Your assignment :: In the listing that follows, locate the line containing "GSD161.9A - Electromotoric" and the line containing "Instalación de proxmox backup server". Retype exactly those two lines and every line between them, and nothing more.
◆ ◆ ◆ ◆
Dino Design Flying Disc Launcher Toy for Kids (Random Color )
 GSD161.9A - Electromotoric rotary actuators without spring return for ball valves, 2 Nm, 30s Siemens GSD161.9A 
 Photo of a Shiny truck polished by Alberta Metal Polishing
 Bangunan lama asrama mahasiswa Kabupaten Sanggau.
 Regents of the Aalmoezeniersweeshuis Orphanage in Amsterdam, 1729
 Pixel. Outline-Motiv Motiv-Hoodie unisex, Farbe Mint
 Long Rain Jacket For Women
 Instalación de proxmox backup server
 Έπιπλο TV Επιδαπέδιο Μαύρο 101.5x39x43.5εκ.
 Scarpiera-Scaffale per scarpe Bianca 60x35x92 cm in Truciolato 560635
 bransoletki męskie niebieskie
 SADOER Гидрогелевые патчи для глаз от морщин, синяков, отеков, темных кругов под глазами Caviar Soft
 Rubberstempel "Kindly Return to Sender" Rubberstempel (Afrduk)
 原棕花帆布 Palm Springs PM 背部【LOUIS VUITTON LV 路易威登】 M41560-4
◆ ◆ ◆ ◆
Result below ::
 GSD161.9A - Electromotoric rotary actuators without spring return for ball valves, 2 Nm, 30s Siemens GSD161.9A 
 Photo of a Shiny truck polished by Alberta Metal Polishing
 Bangunan lama asrama mahasiswa Kabupaten Sanggau.
 Regents of the Aalmoezeniersweeshuis Orphanage in Amsterdam, 1729
 Pixel. Outline-Motiv Motiv-Hoodie unisex, Farbe Mint
 Long Rain Jacket For Women
 Instalación de proxmox backup server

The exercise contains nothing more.